This past September a friend told me about a new ABC action series she’d started watching called “Designated Survivor” starring Jack Bauer. I mean, she didn’t say that it starred Jack Bauer, she said that it starred Kiefer Sutherland, but since I can never remember the character’s name from this new show it’s just easier for me to call him Jack Bauer.

In the first episode we find out that Jack has been serving as the Secretary of Housing and Urban Development and is an expert on a wide range of complex policy matters that most Americans can’t be bothered to understand because we’re way too busy blogging about television shows.

So anyway.

In the first episode some mysterious bad guys blow up our nation’s Capital, leaving our friend Jack the last man standing in the line of succession so he gets sworn in as the ding dang President of the United States! Pretty crazy, right?

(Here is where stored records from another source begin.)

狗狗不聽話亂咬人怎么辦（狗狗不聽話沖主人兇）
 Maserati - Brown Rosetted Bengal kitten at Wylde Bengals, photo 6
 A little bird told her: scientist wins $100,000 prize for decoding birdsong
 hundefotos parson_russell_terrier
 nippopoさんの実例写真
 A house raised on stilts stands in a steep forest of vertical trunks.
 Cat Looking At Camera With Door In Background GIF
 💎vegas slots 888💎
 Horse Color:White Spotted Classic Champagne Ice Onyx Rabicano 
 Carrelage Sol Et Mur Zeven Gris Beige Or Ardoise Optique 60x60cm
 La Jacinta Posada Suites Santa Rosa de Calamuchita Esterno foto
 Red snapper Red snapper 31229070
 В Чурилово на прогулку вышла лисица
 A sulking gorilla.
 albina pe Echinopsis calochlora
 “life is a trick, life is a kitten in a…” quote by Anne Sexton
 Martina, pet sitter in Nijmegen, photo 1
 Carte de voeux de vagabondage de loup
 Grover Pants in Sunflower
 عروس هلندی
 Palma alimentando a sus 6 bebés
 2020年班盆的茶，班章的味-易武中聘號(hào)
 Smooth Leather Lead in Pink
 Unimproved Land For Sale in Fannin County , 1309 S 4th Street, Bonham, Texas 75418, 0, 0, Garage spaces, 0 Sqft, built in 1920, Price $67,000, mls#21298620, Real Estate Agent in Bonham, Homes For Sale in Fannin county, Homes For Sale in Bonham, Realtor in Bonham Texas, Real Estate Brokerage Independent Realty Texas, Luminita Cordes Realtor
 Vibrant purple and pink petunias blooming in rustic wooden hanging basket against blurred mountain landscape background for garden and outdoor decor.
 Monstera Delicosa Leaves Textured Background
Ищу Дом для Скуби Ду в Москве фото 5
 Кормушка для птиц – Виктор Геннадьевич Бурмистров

The show had a decent premise and I half-heartedly kept up with it until the Christmas hiatus and by the time ABC finally put it back on the air I had completely lost interest UNTIL YESTERDAY MORNING when my friend Davy shared a link on Facebook declaring that Dr. Ben Carson (the new real-life Secretary of Housing and Urban Development) had just completed an audit of his cabinet department, and had uncovered a shocking $500 billion in errors!

That’s enough money to buy 35 new aircraft carriers or, on an annual basis, estimated to be more than enough to end world hunger.

If you’re anything like me you’d really like to know how Secretary Carson uncovered this deep dark financial secret so quickly after his appointment, but I was pretty sure that I shouldn’t click on the link that Davy had posted because I didn’t recognize the source.

Facebook has started warning us that we live in an age of ‘fake news’ and the number one way to spot fake news is to consider the source, and I sure as heck did not recognize the website called SacredConservativeTruthAgenda.org, nor did I recognize the one named RightWingJewsNews.net.

To be fair, a lot of my friends of all political stripes cite sources as dubious as Davy’s.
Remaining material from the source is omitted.